Мы же хотя и готовы были им потворствовать в их „лженациональном“ освобождении, но непременно путем соглашения с Патриархом, а не путем раскола и вражды. Разрыв церковный произошел все-таки вопреки нашим долгим и примирительным стараниям, — хотя отчасти и по некоторой неосторожности нашей. Мы стали, сказал я, либеральнее, чем в 40-х годах; но все-таки мы останавливались с почтением перед властью Церкви и перед ее древними уставами. Болгарские же демагоги не хотели ничего этого знать… Они входили в соглашение с турками и представителями католических держав, когда видели, что наше посольство не хочет потворствовать им до конца. Они прямо жаждали раскола, тогда как мы всячески старались предотвратить его. Мы не успели в этом, мы не могли предотвратить его; но я, служивши сам в то время в Турции, никак не могу судить за это наше посольство так строго, как судят его другие православные люди.

Болгары, не имея никаких оснований нас бояться тогда, пересилили нас. Посольство наше даже в последнюю минуту было нагло ими обмануто. Они, согласившись тайно с турками, 6 января 1872 г., на рассвете, почти ночью, объявили в церкви свою независимость от Патриарха. У нас в посольстве узнали утром о „совершившемся факте“ своевольного отложения уже тогда, когда возврат к порядку был невозможен без объявления войны турецкому султану.

От такого грубого обмана кто же может быть застрахован! От него не предохранят ни таланты, ни желание добра. Насилие, война за веру, победа — вот единственные средства, которые были тогда у нас в руках и которых мы не захотели употребить прямо, разумеется, по недостатку религиозности…

Передовые греки желали посредством раскола оторваться от России и всего славянства… У многих афинских греков, старавшихся всячески довести дело до созвания собора и до проклятия, была при этом не православная, а чисто племенная мысль…

Они надеялись и довольно глупо мечтали, что русский Святейший Синод открыто, наконец, заступится за болгар и объявит их правыми.
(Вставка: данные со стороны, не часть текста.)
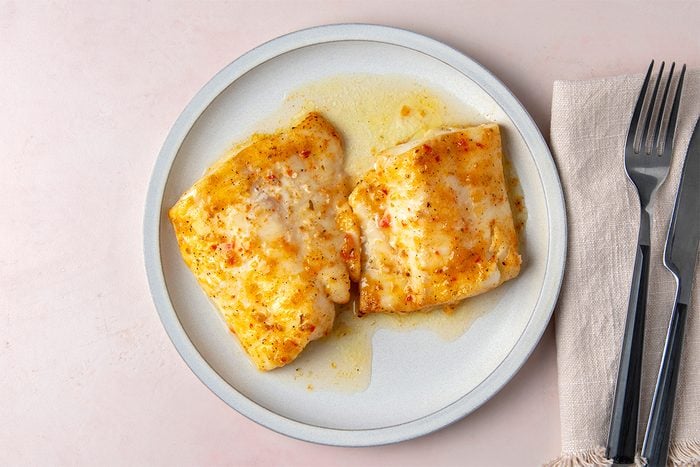 Two golden-brown baked fish fillets on a white plate. The fillets are drizzled with a light sauce. A fork and knife are placed on a beige napkin to the right of the plate. The background is a soft pinkish hue.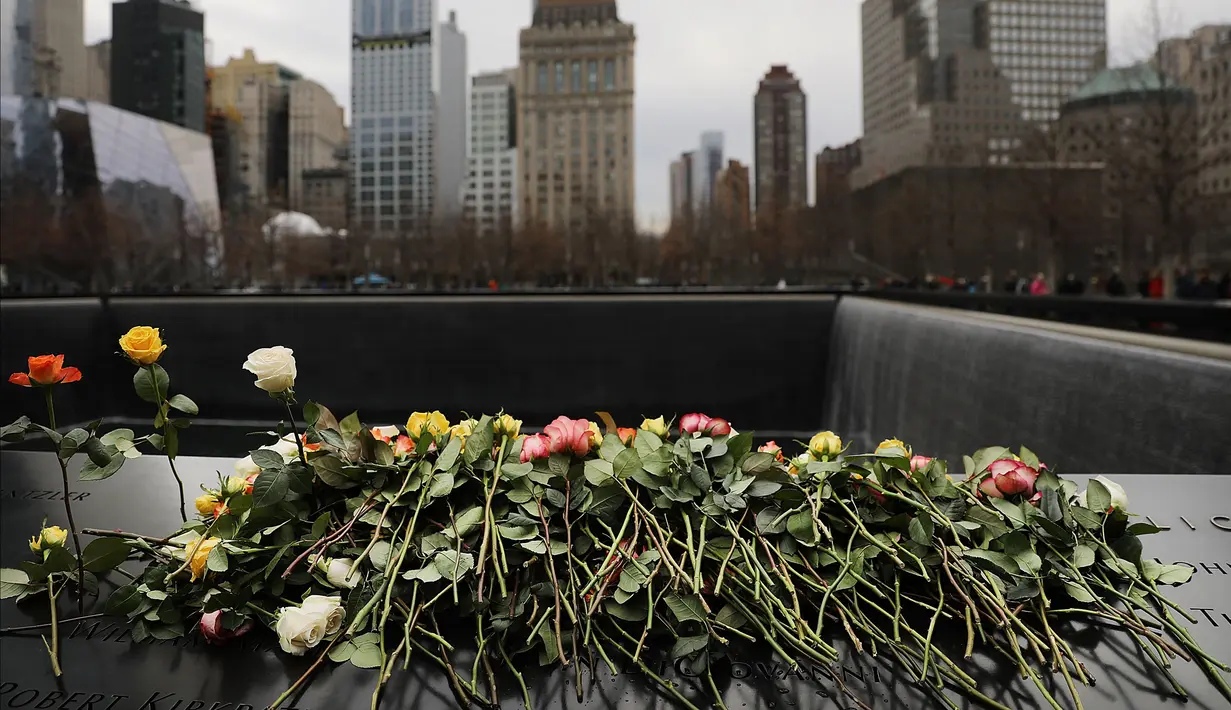 Orang-orang menaruh bunga mawar dalam peringatan 25 tahun serangan bom truk di WTC, New York City, Amerika Serikat, Senin (26/2). (Spencer Platt/Getty Images/AFP)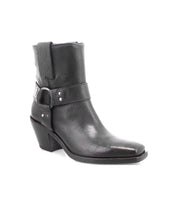 The Bed|Stü Vamoose is a black Italian leather ankle boot with a low heel, side buckle strap, decorative stitching, and a pointed toe in a modern harness-boot style, displayed against a white background.
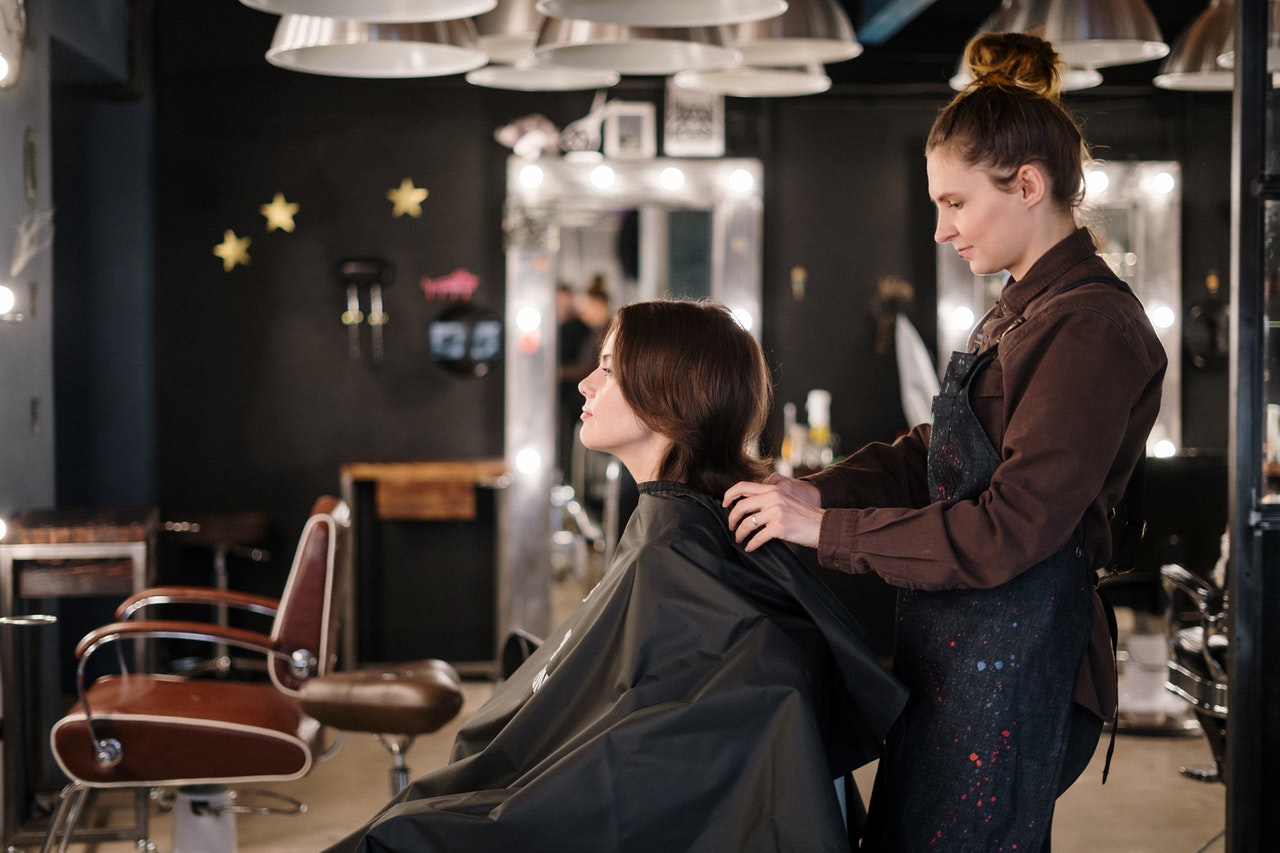Woman getting a haircut in a salon.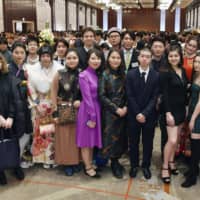 Foreign nationals attend a Coming of Age Day ceremony held in Shinjuku. 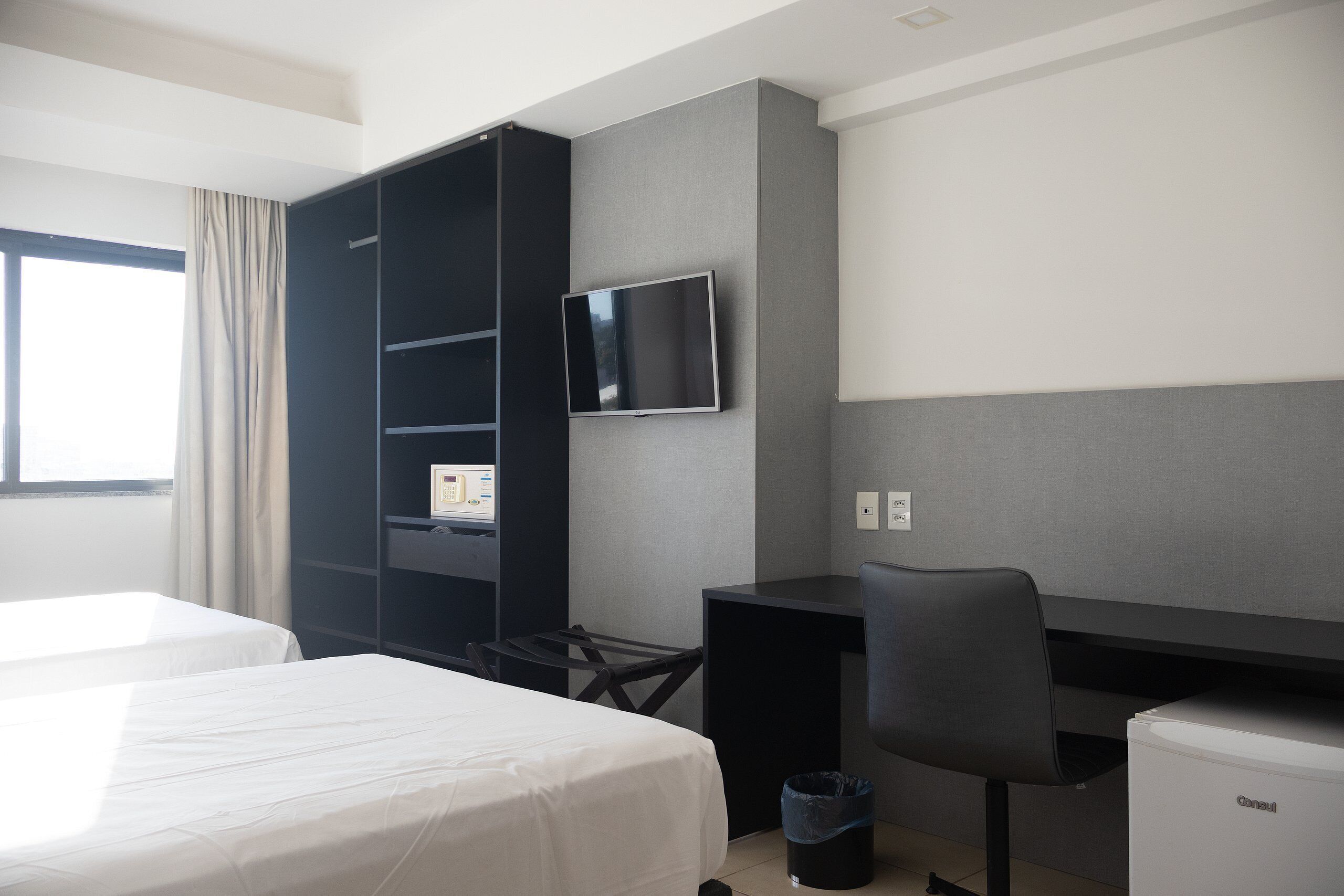 Una habitación de hotel con cama, escritorio, silla, televisor y armario.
И тогда можно будет и русских объявить раскольниками; можно будет совершенно отделить судьбы своего племени от судеб славянского.

Передовые болгары желали, посредством того же раскола, отделиться сперва от греков, — а потом (мечтали многие из них; даже и духовные лица) „надо окрестить султана, слиться с турками, утвердиться в Царьграде и образовать великую болгаро-турецкую державу, которая вместо стареющей России стала бы во главе славянства“…

Вот каково было тогда с обеих сторон настроение наших единоверцев! Вот как охотно приносилась в жертву религия все тому же чисто племенному началу, все тем же национально-космополитическим порывам! Я говорю космополитическим, ибо ни новые греки, ни тем более югославяне не проявляли и не проявляют ни малейшей наклонности к такого рода мистическим движениям, которые, отдаляя их от Православия, могли бы привести к созданию какой-нибудь действительно национальной (т. е. своеобразной) ереси, вроде нашей хлыстовщины или секты мормонов. Это было бы гибельно для личного спасения души тех людей, которые бы этой ересью увлеклись; это было бы очень вредно для всей Церкви нашей; но это заслуживало бы, по крайней мере, название национального творчества, название даже особой местной культуры…

Итак, болгары в большинстве были против православной России во время этой племенной борьбы, столь бессовестно игравшей вековой святыней нашей. Передовые греки также были против нас и Православия, защищая его каноны только для вида, для отпора славянам. Кто же в эту тяжкую годину испытаний оставался верен не нам собственно (ибо мы этого и не стоили), но общим с нами основам?